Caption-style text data
....................
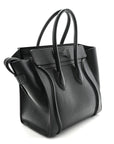 Drummed Calfskin Micro Luggage Black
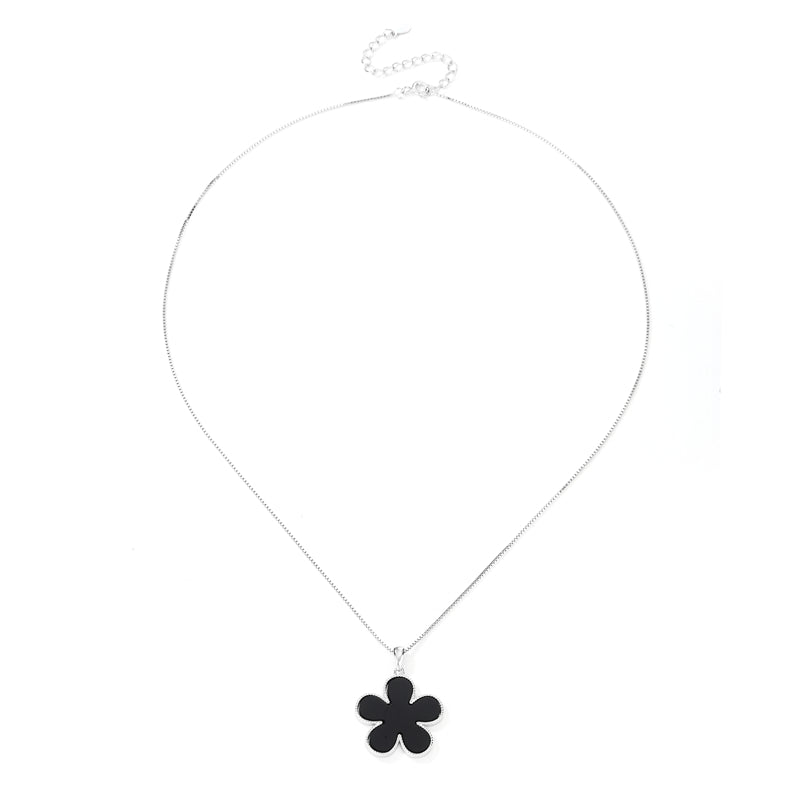 Natural Black Onyx 925 Sterling Silver Flower Pendant Necklace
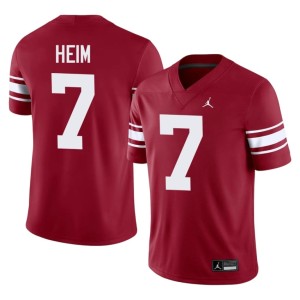 Throwback Oklahoma Crimson #7 University Taylor Heim Mens Jersey 892234-868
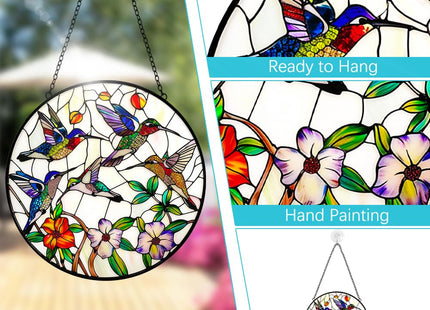 Hummingbird and Flowers Stained Glass Window Hanging - 8″ Hummingbird Suncatcher Indoor Window Hanging Decor Birds Ornaments with Chain and Hooks - Hummingbird Gifts for Women Mom Grandma Bird Lovers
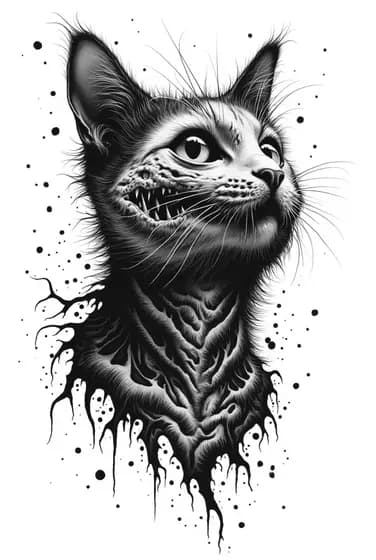 Dotwork gothic demonic cat tattoo design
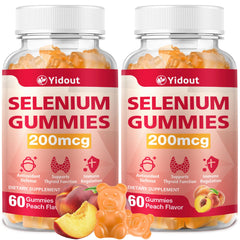 Front packaging of Yidout Selenium Thyroid Support Gummies Peach Flavor – 60-count bottles (Pack of 2)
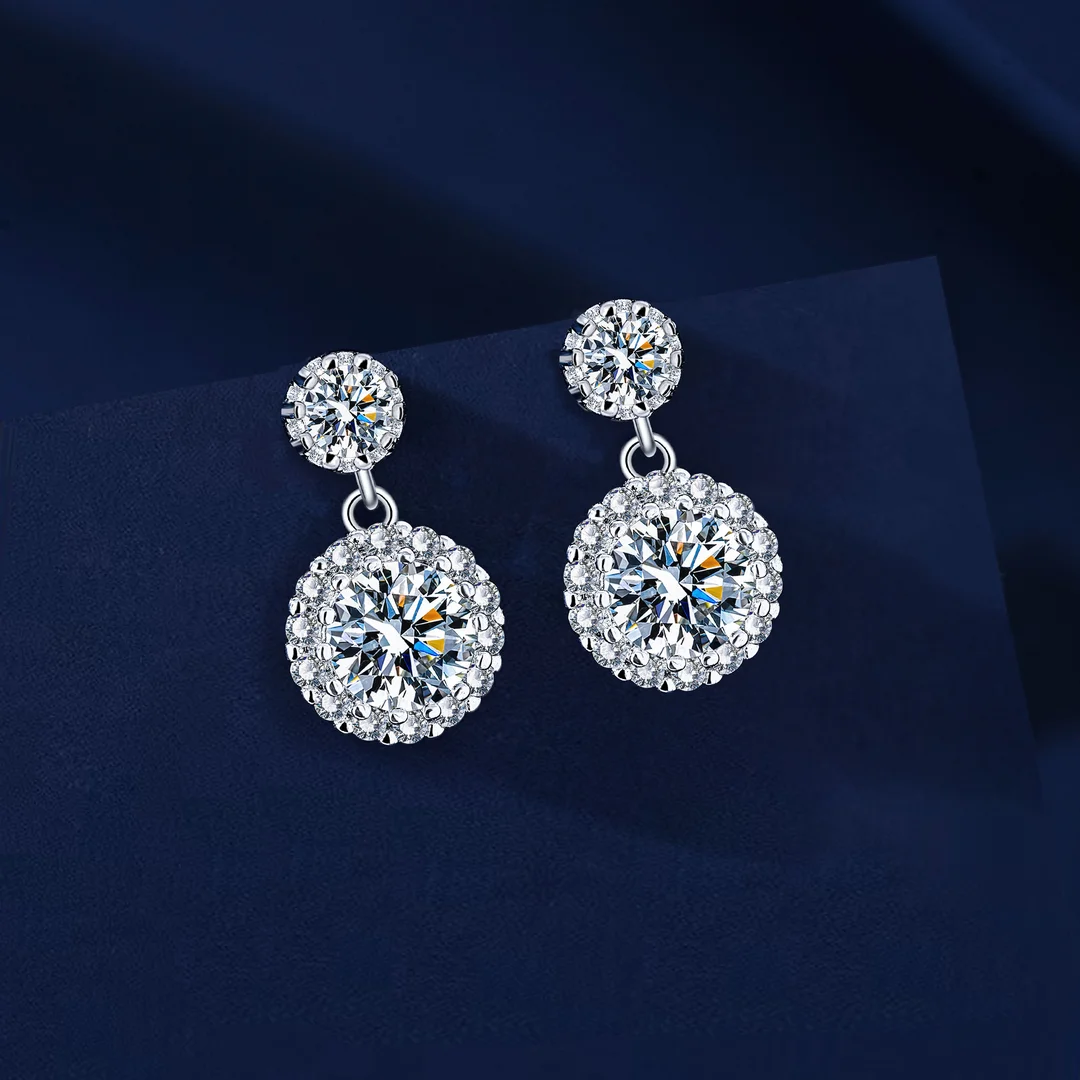 

1ct S925 Sterling Silver Moissanite Earrings Trendy Luxury Designer Earing for Women Gift With Certificate
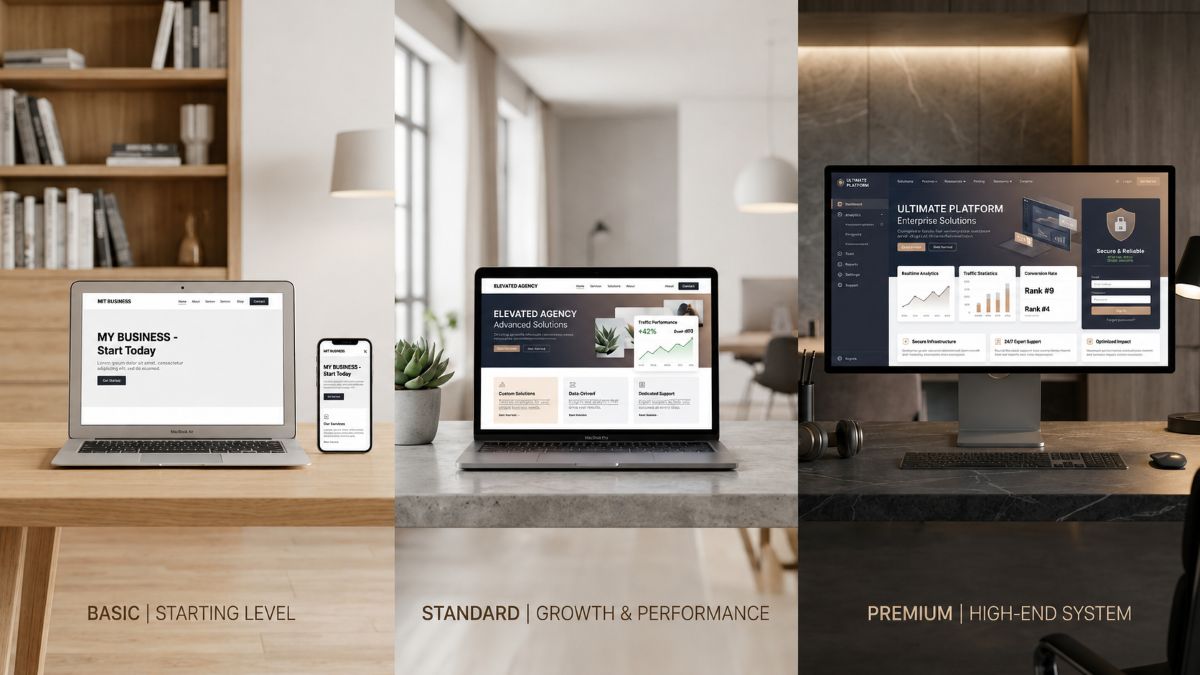 Nextop Agency cung cấp 3 gói dịch vụ thiết kế website phù hợp với từng doanh nghiệp
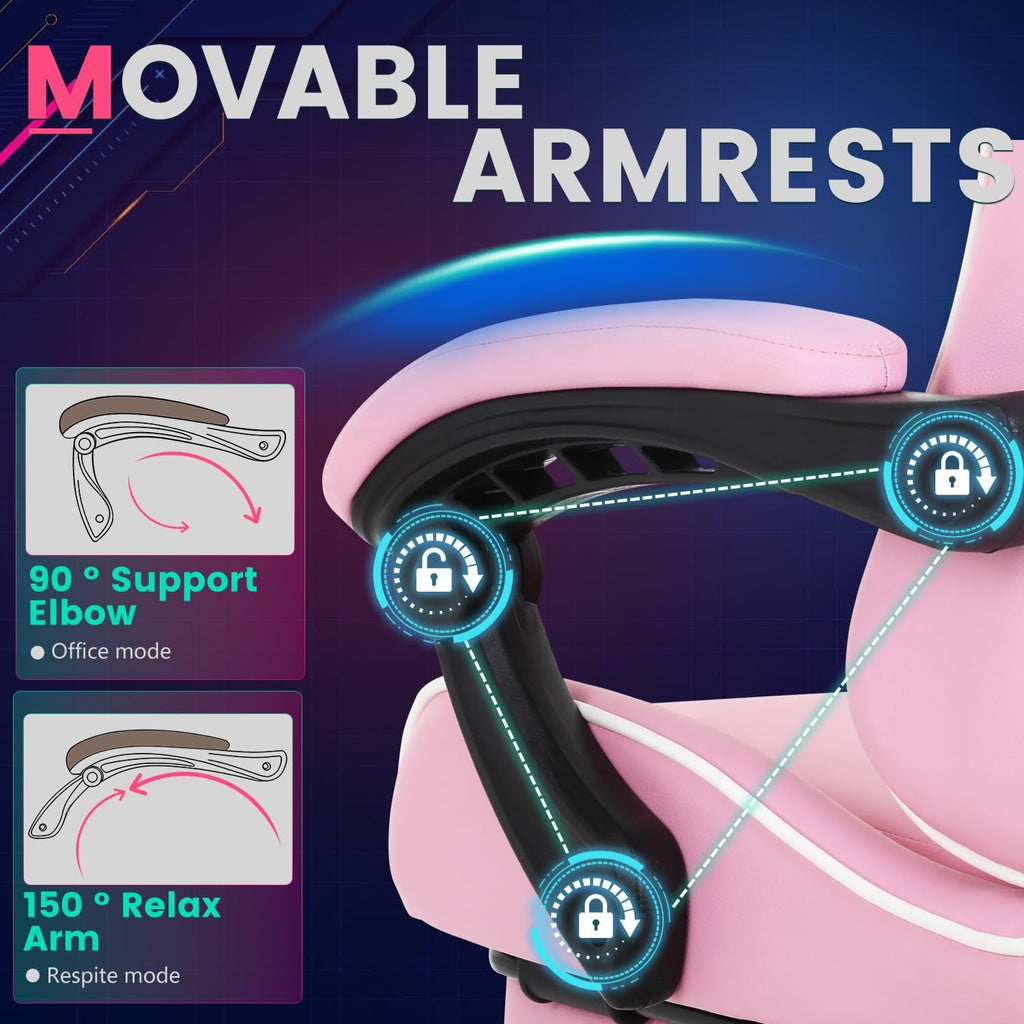 Gaming Chair Office Chair Desk Chair with Footrest Lumbar Support Headrest Armrest Task Rolling Swivel Ergonomic E-Sports Adjustable PC Gamer Chair(Pink)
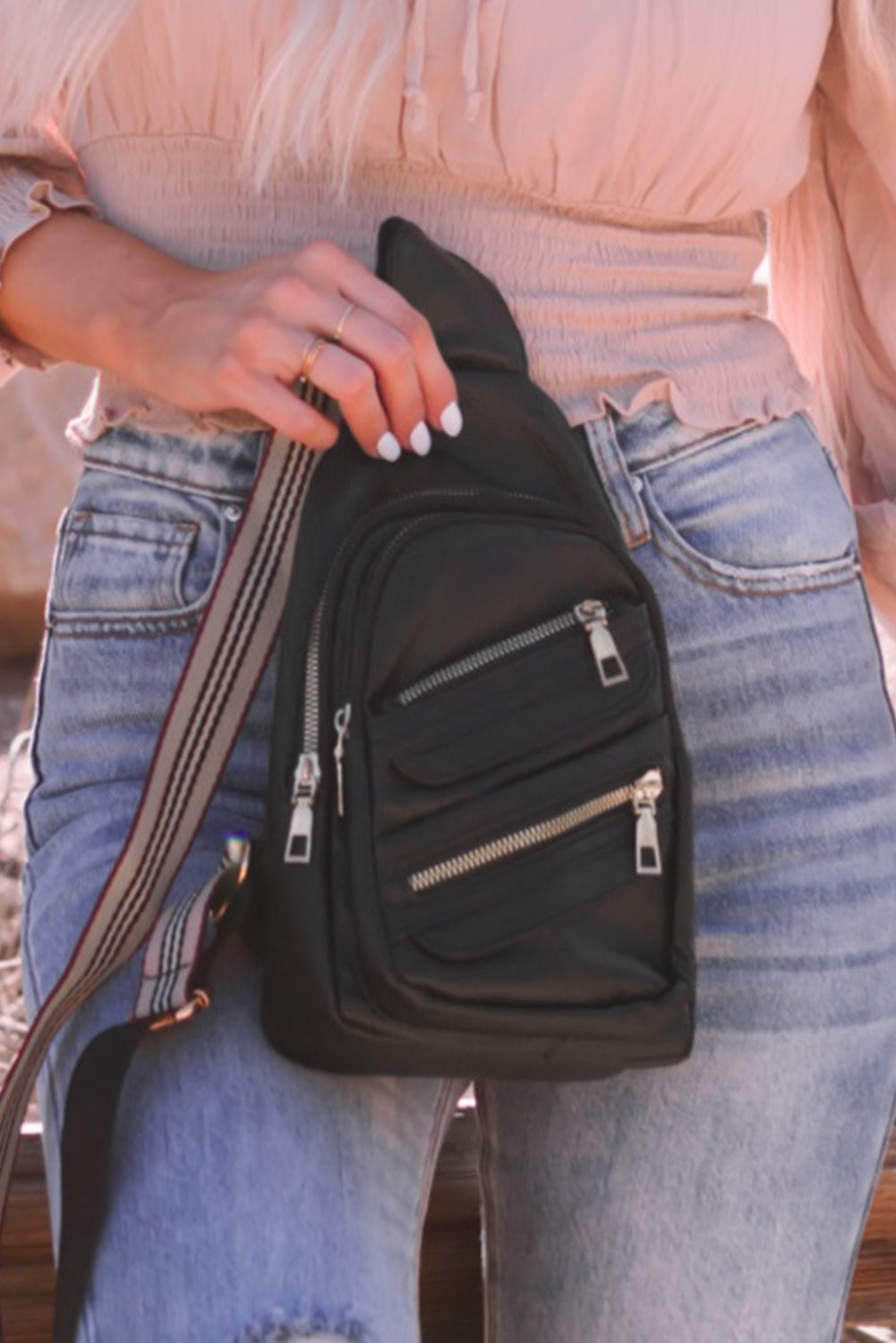 Brown Faux Leather Multi-pockets Zipped Chest Bag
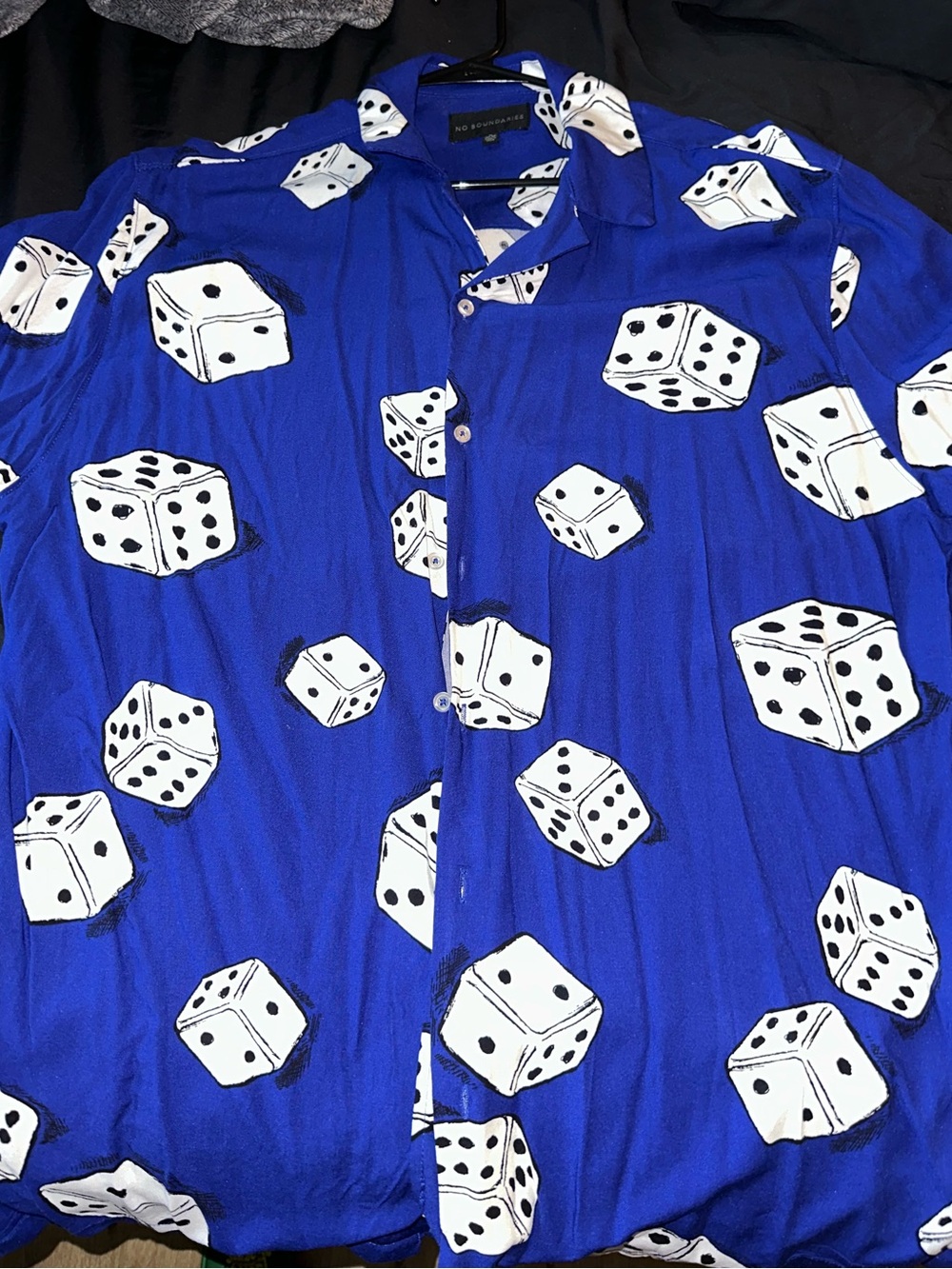 No Boundaries Royal Blue Dice Print Short-Sleeve Button-Down Shirt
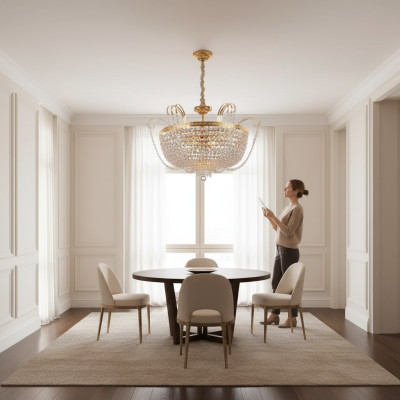 Lustre de luxe Plafonnier Lustre Lustre Lampe de plafond Or Lampe en cristal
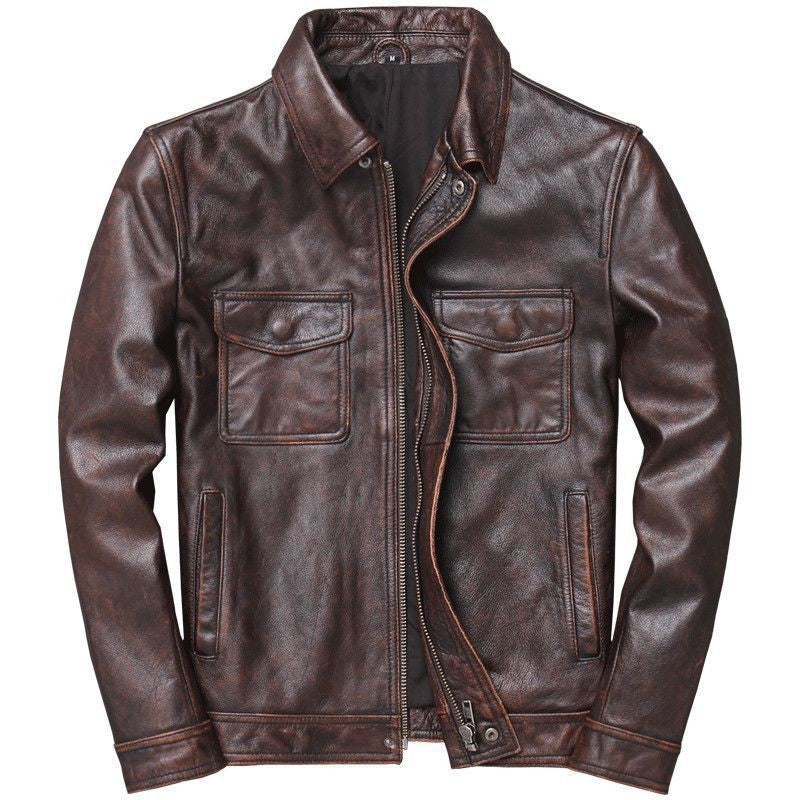 Men's Vintage PU Leather Jacket with Stand Collar
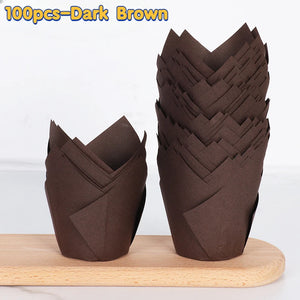 100-Pack Oilproof Brown Muffin Cupcake Baking Liners for Parties & Events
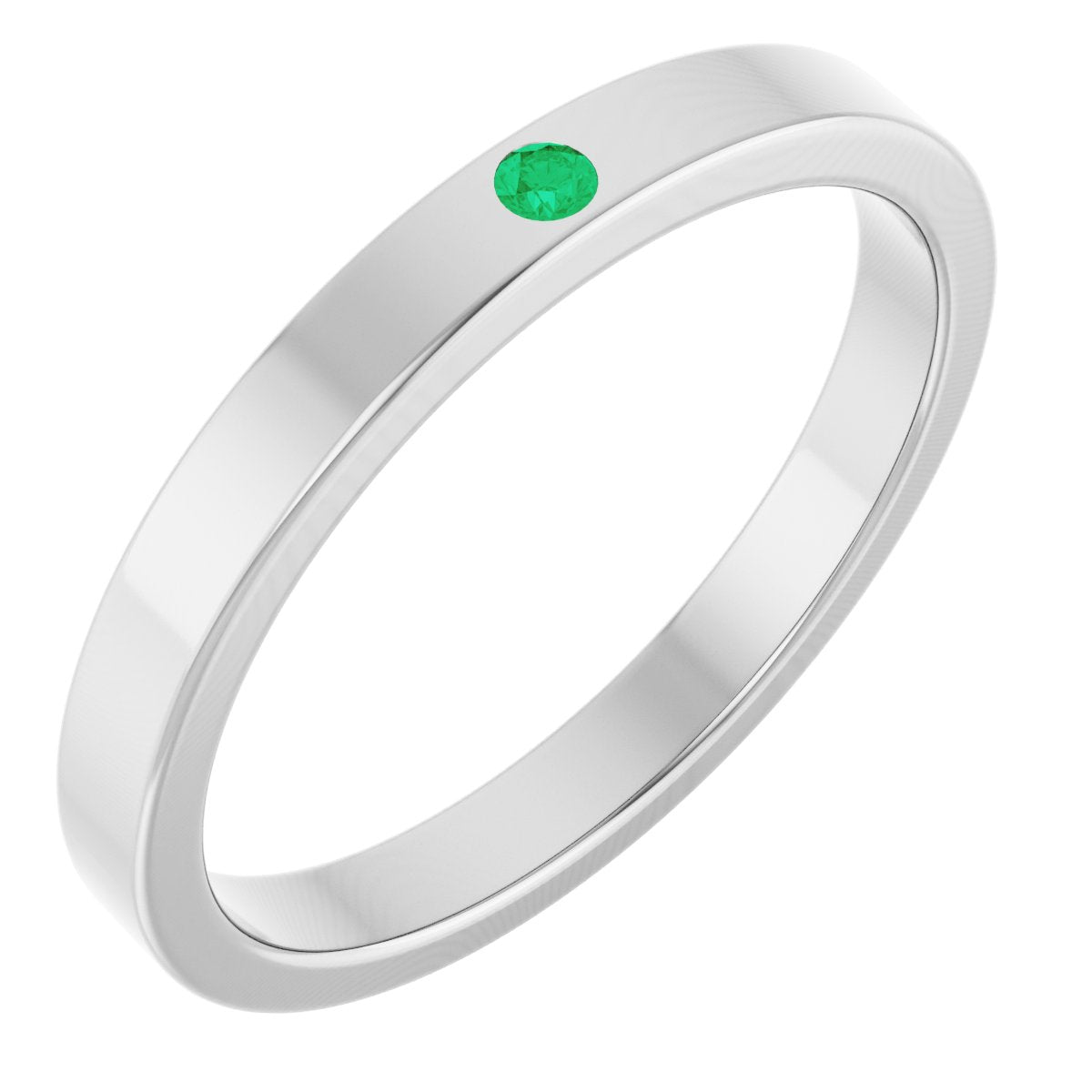 Lab-Grown Emerald Family Stackable Ring - White Gold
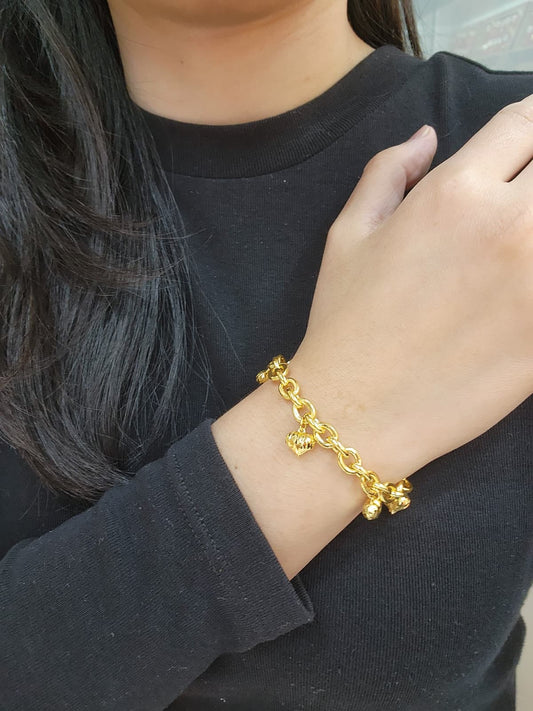 916 Gold Heart Circle Chain Bracelet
....................
• **Task**:
Reproduce the lines above beginning at the line that contains "Hummingbird and Flowers" and ending at the line that contains "Front packaging of". No pictures.

• **Answer to this exercise**:
 Hummingbird and Flowers Stained Glass Window Hanging - 8″ Hummingbird Suncatcher Indoor Window Hanging Decor Birds Ornaments with Chain and Hooks - Hummingbird Gifts for Women Mom Grandma Bird Lovers
 Dotwork gothic demonic cat tattoo design
 Front packaging of Yidout Selenium Thyroid Support Gummies Peach Flavor – 60-count bottles (Pack of 2)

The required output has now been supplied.